• Exercise requirements
Retype the listing exactly; omit pictures.

Entries shown START

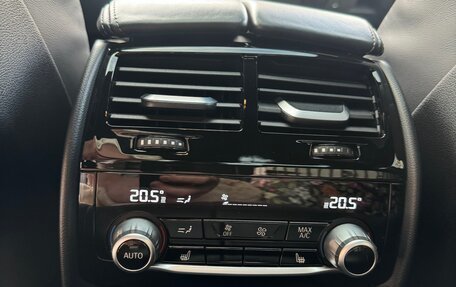 BMW 5 серия, 2017 год, 4 050 000 рублей, 23 фотография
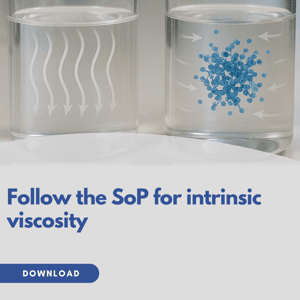 SoP - Intrinsic Viscosity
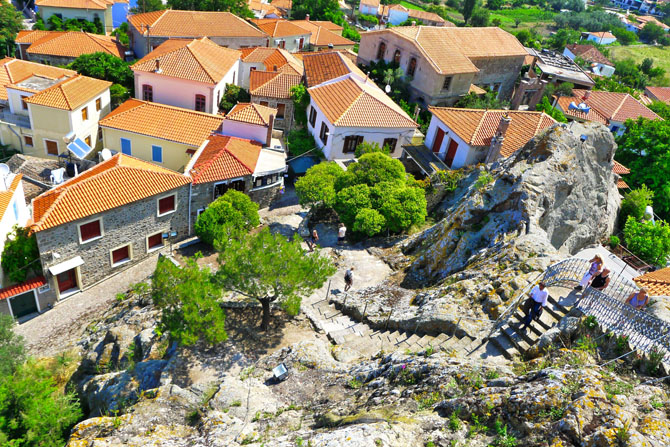  Πέτρα , Πόλεις & Χωριά, wondergreece.gr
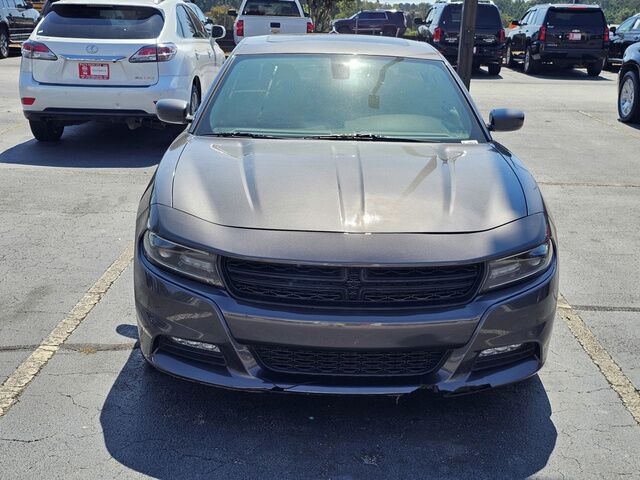 2015 Dodge Charger SXT Morrow GA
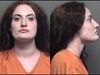 Saline County Jail Booking Activity - Thursday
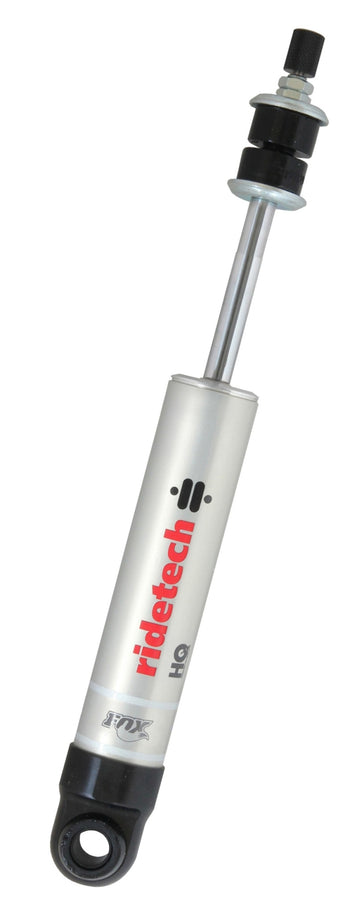 Ridetech 67-69 Camaro and Firebird HQ Series Shock Absorber Rear Ridetech 67-69 Camaro and Firebird HQ Series Shock Absorber Rear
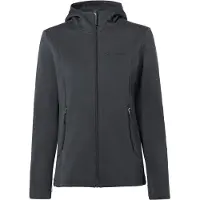 Vaude Fleece met rits voor dames Idris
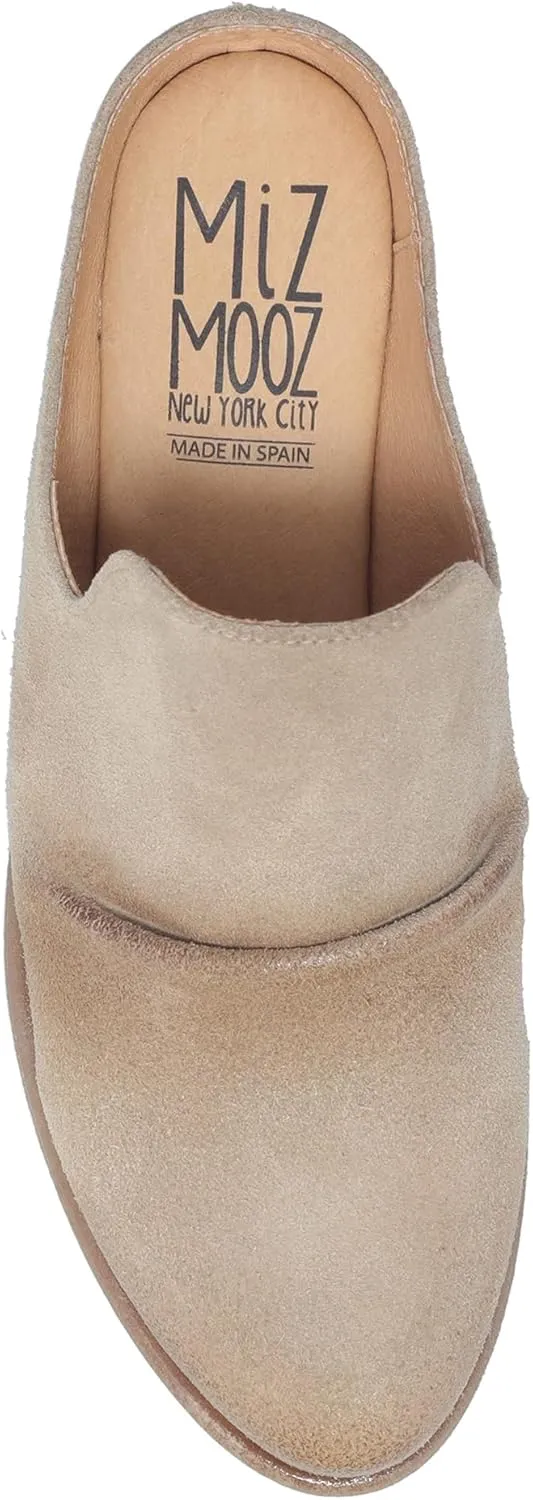 Miz Mooz Cellia Women's Mule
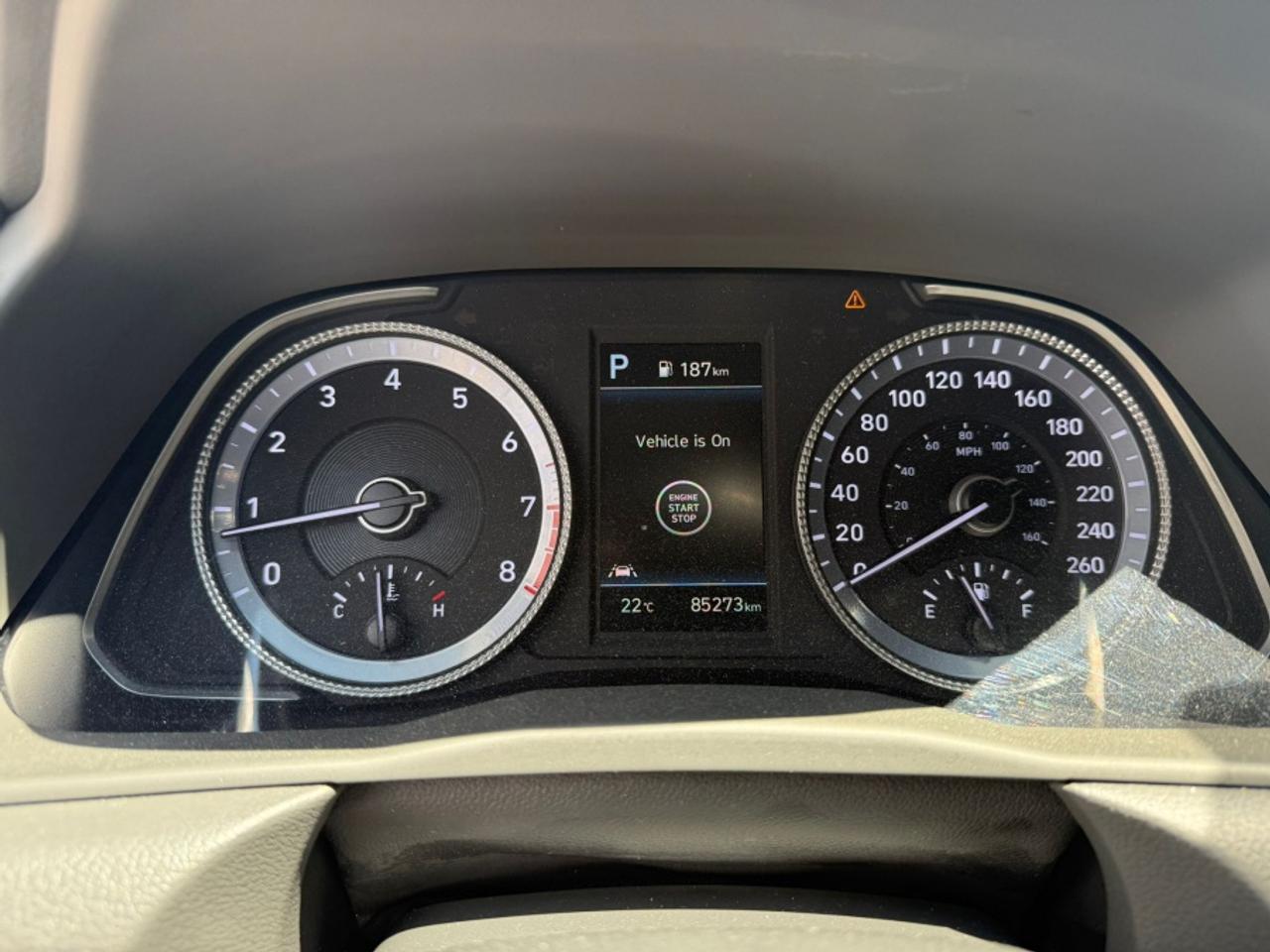 2023 Hyundai Sonata SPORT /SUEDE /SUNROOF /NAVI /REAR CAM /BOSE - Photo #14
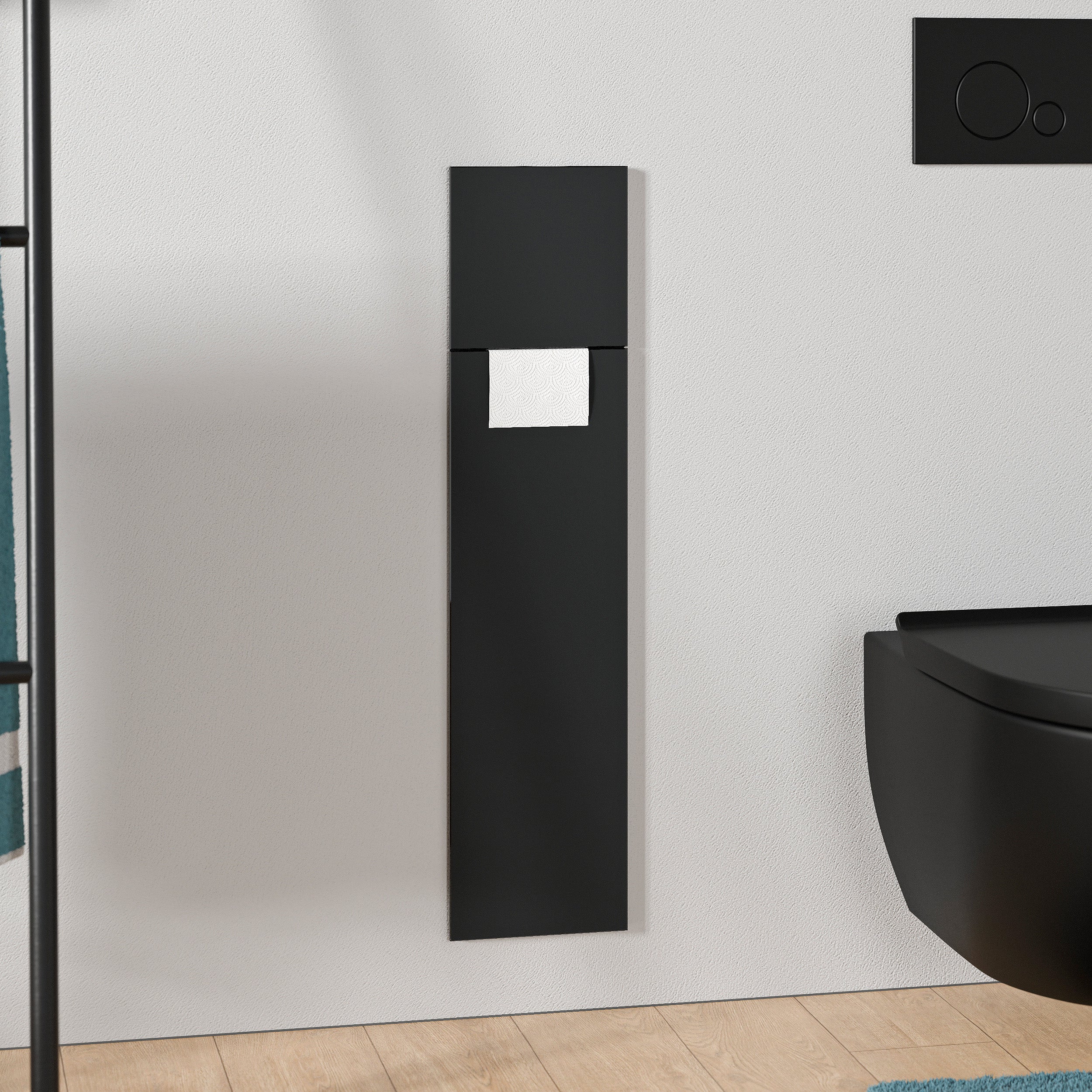 Skjult WC-modul RIA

Entries shown END

• Response to the exercise
 BMW 5 серия, 2017 год, 4 050 000 рублей, 23 фотография
 SoP - Intrinsic Viscosity
  Πέτρα , Πόλεις & Χωριά, wondergreece.gr
 2015 Dodge Charger SXT Morrow GA
 Saline County Jail Booking Activity - Thursday
 Ridetech 67-69 Camaro and Firebird HQ Series Shock Absorber Rear Ridetech 67-69 Camaro and Firebird HQ Series Shock Absorber Rear
 Vaude Fleece met rits voor dames Idris
 Miz Mooz Cellia Women's Mule
 2023 Hyundai Sonata SPORT /SUEDE /SUNROOF /NAVI /REAR CAM /BOSE - Photo #14
 Skjult WC-modul RIA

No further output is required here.